The Democratic National Committee on Saturday took steps to address the role of “superdelegates” in primary elections, but liberals like radio host and former California Democratic Party chairman Bill Press were unimpressed.
“The Democratic National Committee was in town this weekend for their big annual or biannual confab,” Press explained on air.
“And they had this report in front of them on the changes to the Democratic primary process that was going to make it a more level playing field, which we didn’t see the last time particularly because of super-delegates.”
He continued, expressing skepticism at the party’s plans.
“So they passed a resolution — this is what they did on super-delegates. They passed a resolution to say they are going to examine the perceived influence of super-delegates.
“Boy, what a bold move. Perceived influence? I mean, who are they kidding? Super-delegates have a real influence on who gets nominated. We saw that the last time, right? They cannot get rid of this or shake this. I don’t know why.”
The radio host criticized the DNC for merely determining to “study it further.”
Press’ guest, who was present at some of the Democrats’ meetings on the issue, described the deliberation among party insiders.
“They decided to study it further and I believe there was also a long debate during this that they were either arguing whether the text should say ‘reduce the number of super-delegates’ or ‘reduce or eliminate the number of super-delegates’ and they apparently spent about 20 minutes or so arguing about whether ‘reduce’ inherently contains the possibility of ‘eliminating.’ And so this is the type of thing that the DNC spends a lot of time arguing about.”
According to the report adopted Saturday, the DNC’s Rules and Bylaws Committee will present a final proposal for reducing the “perceived influence” of superdelegates beginning in December, The Hill reports.
DNC chair Tom Perez called the move a “milestone.” He previously told the Associated Press that the party “will improve the democratic process” before the 2020 election.
Superdelegates were a cause of controversy during the 2016 Democratic primaries.
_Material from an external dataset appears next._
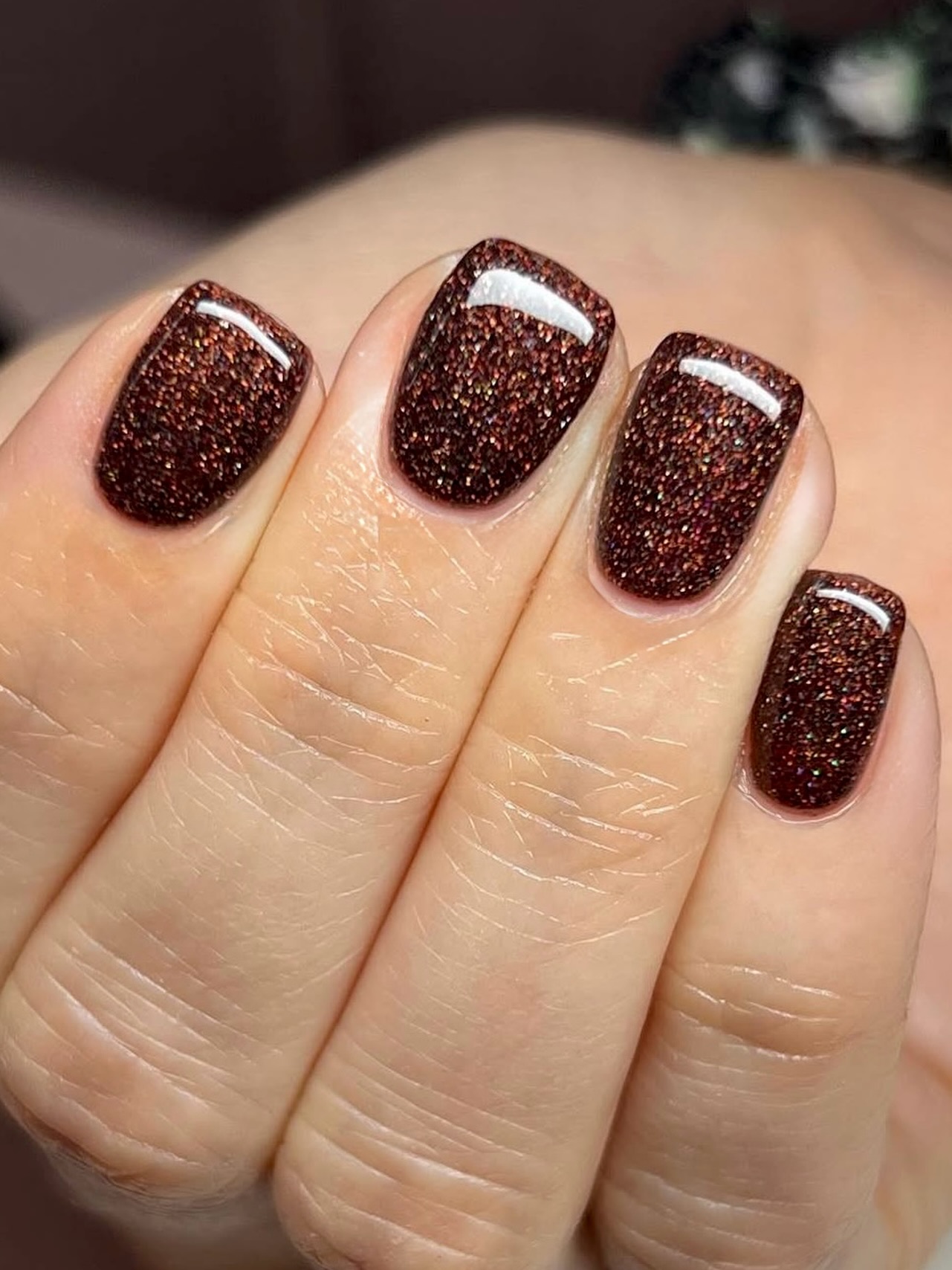 A short brown nail set with autumnal glitter specks.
Pew Research notes that slightly under 15 percent of delegates to the Democratic National Convention are superdelegates.
During the 2016 cycle, the majority of the assortment of DNC officials, Democratic politicians, and other party insiders overwhelmingly supported Hillary Clinton over Bernie Sanders, leading to accusations of a “rigged” primary.
“If we’re going to win elections, you’ve got to earn the trust of voters, and many voters had a crisis of confidence in the Democratic Party,” Perez said.